Joined: 17 Aug 2006
| Post subject: How To Be Luckier at Backgammon
|HOW TO BE LUCKIER AT BACKGAMMON, by Phil Simborg
"God does not play dice with the universe, but he does play games with the dice."-- Phil Simborg
Backgammon is a game of skill, but we all know that it is also a game of luck. People have been debating for years how much of the game is skill and how much of the game is luck. The answer, to me, is very simple. The greater the difference in skill there is between the players, the less luck there is, and the closer the skill levels, the more luck there is.
If you have two players of identical skill and they both play their best, the winner will be the one who was luckier.
We all know that we can do something about our skill level. We can study; we can take lessons; we can watch and learn from better players; we can practice; we can use the computer programs to help us understand the game better.
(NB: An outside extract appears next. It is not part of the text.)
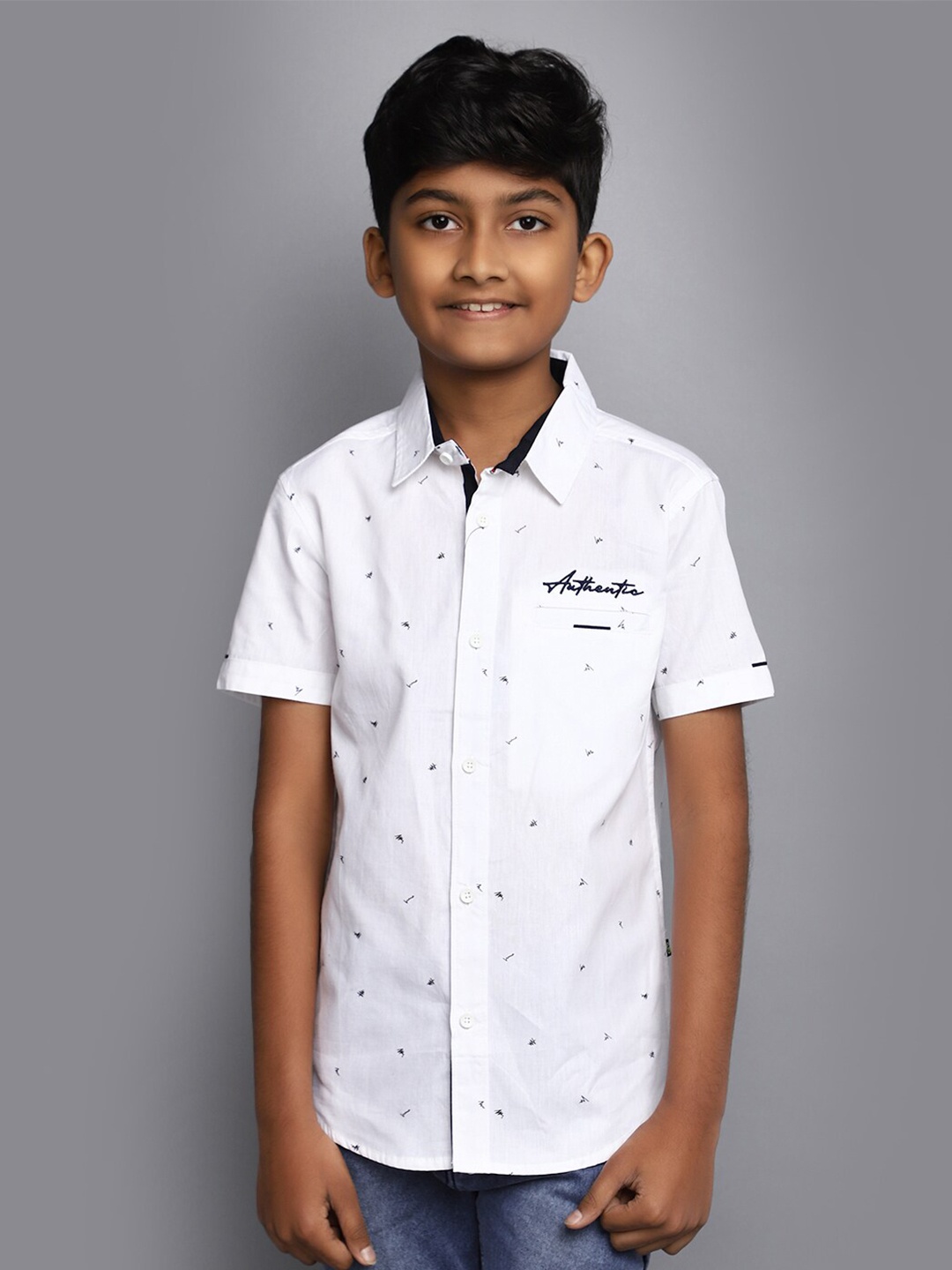 

V-Mart Boys Abstract Printed Spread Collar Cotton Casual Shirt, White
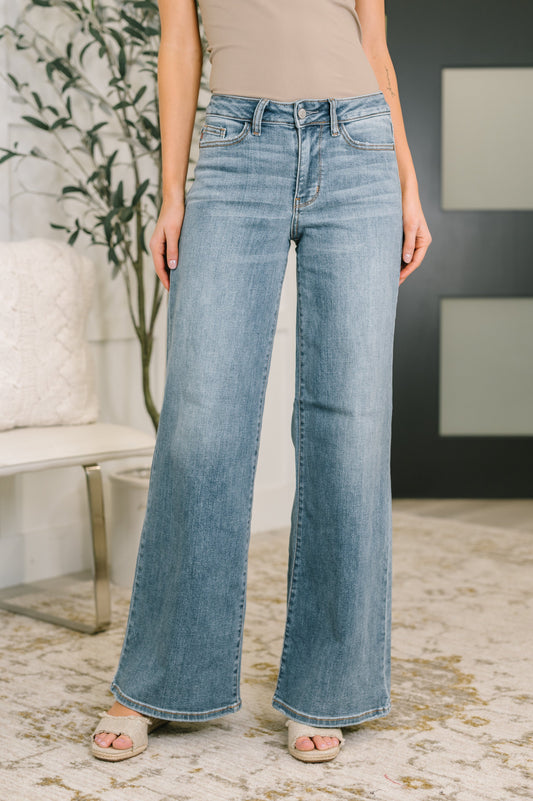 Adrian Mid Rise Retro Wide Leg Jeans – Judy Blue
But is there anything we can do to change the luck factor? YES!!!!!
As I stated above, the better you play compared to your opponent, the less luck will enter in to your wins and losses. Another way to put this: the better you play, the less chance you give your opponent to roll a good, or "lucky" roll, and the less chance you give yourself to roll bad rolls.
By "definition," a good play reduces the number of good rolls your opponent could get and increases the number of good rolls you could get in the future. It also increases the number of bad rolls your opponent could get and decreases the number of bad rolls you could get in the future.
The same thing applies to cube decision. Bad decisions give your opponent more opportunities to roll well against you, and give you more opportunities to roll bad rolls. Good cube decisions increase the number of bad rolls your opponent can have, and decrease the number of bad rolls you could have.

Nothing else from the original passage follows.